By GottaLaff
1. Find pillow and/or wall. 2. Make fist. 3. Read this post. 4. Punch pillow and/or wall. 5. Scream loudly. 6. Nurse fist back to health:
Think you could borrow money from a bank without saying what you were going to do with it? Well, apparently when banks borrow from you they don't feel the same need to say how the money is spent. After receiving billions in aid from U.S. taxpayers, the nation's largest banks say they can't track exactly how they're spending it. Some won't even talk about it.
"We're choosing not to disclose that," said Kevin Heine, spokesman for Bank of New York Mellon, which received about $3 billion.
Oh really? I'm choosing to disclose that Kevin is a defective-minded little wretch. And thanks for the transparency.
Now on to JPMorgan Chase:
Thomas Kelly, a spokesman for JPMorgan Chase, which received $25 billion in emergency bailout money, said that while some of the money was lent, some was not, and the bank has not given any accounting of exactly how the money is being used.
"We have not disclosed that to the public. We're declining to," Kelly said.
To be fair, that's only two measly banks. I can't imagine that all of them are so tight-lipped. That would be astoundingly, maddeningly unforgivable.
The Associated Press contacted 21 banks that received at least $1 billion in government money and asked four questions: How much has been spent? What was it spent on? How much is being held in savings, and what's the plan for the rest?
None of the banks provided specific answers.
I'msorrywhat?
Some banks said they simply didn't know where the money was going.
That's not exactly the answer we were looking for.
The answers highlight the secrecy surrounding the Troubled Asset Relief Program, which earmarked $700 billion - about the size of the Netherlands' economy - to help rescue the financial industry.

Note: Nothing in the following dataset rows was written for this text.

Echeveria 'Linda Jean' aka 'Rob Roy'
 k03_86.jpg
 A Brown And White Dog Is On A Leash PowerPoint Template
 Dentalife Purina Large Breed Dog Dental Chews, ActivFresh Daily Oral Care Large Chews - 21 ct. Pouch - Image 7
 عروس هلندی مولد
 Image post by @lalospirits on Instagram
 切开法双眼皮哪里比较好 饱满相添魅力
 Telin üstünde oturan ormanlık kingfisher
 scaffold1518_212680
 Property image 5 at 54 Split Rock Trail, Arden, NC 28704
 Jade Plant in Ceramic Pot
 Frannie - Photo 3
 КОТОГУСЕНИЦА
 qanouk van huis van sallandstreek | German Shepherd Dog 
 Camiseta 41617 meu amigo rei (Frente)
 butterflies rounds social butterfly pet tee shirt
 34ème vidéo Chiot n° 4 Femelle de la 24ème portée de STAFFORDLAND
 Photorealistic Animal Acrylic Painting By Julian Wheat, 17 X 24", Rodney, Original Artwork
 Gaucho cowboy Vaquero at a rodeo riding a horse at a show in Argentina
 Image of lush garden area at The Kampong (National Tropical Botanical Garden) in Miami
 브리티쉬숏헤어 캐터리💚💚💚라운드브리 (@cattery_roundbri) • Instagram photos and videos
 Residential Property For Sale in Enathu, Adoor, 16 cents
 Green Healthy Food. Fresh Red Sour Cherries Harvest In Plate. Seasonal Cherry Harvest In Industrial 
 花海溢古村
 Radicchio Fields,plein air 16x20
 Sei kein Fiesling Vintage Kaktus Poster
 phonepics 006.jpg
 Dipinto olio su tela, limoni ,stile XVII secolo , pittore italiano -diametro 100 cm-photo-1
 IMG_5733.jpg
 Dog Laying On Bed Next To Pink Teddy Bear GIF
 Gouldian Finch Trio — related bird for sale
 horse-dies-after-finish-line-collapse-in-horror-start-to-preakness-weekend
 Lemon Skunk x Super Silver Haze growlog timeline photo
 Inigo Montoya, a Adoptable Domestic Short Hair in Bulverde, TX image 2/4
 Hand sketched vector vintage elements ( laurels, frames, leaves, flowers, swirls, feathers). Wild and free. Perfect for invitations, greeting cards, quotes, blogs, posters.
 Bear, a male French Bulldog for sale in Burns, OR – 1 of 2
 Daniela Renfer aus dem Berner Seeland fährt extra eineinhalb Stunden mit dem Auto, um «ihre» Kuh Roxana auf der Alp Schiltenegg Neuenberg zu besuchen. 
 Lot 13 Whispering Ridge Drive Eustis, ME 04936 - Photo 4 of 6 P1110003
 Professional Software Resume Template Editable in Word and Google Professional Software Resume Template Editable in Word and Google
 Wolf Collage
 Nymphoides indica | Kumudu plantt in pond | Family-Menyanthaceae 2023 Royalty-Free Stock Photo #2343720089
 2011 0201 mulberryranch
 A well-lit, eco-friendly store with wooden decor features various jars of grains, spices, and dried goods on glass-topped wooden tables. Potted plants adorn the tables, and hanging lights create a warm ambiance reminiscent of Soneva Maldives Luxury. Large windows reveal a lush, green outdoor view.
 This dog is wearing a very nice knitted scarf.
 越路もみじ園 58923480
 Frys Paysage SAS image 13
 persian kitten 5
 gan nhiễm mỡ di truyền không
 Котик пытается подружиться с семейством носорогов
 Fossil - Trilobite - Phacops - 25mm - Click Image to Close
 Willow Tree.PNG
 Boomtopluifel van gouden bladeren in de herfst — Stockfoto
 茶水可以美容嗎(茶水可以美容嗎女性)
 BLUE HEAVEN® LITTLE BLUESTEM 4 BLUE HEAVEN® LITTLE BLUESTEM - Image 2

There has been no accounting of how banks spend that money. Lawmakers summoned bank executives to Capitol Hill last month and implored them to lend the money - not to hoard it or spend it on corporate bonuses, junkets or to buy other banks. But there is no process in place to make sure that's happening and there are no consequences for banks that don't comply.
Wow. That should bode well for our tanking economy. What could possibly go wrong from here?
Pressured by the Bush administration to approve the money quickly, Congress attached nearly no strings to the $700 billion bailout in October. And the Treasury Department, which doles out the money, never asked banks how it would be spent.
Good for you, Congress! Living right up to that big approval number, are ya?
Approval of Congress' job performance is down to single digits again for the first time since early September.
The latest Rasmussen Reports national telephone survey of likely voters found that only nine percent (9%) give Congress good or excellent ratings, while 54% give the legislature poor marks. Just one-out-of-50 voters (2%) think Congress is doing an excellent job.
One more time, now, because I'm having a tough time believing what I'm hearing:
[N]o bank provided even the most basic accounting for the federal money.
Most banks wouldn't say why they were keeping the details secret. [...]
One didn't even want to say they wouldn't say.
I am now a believer.
[Elizabeth Warren, the top congressional watchdog overseeing the financial bailout], said her oversight panel will try to force the banks to say where they've spent the money. "If the appropriate restrictions were put on the money to begin with, if the appropriate transparency was in place, then we wouldn't be in a position where you're trying to call every recipient and get the basic information that should already be in public documents," she said.
Garrett, the New Jersey congressman, said the nation might never get a clear answer on where hundreds of billions of dollars went.
Your government dollars at work. Oh, and thanks for that whole "who needs oversight" policy, Republicans. It's really paid off.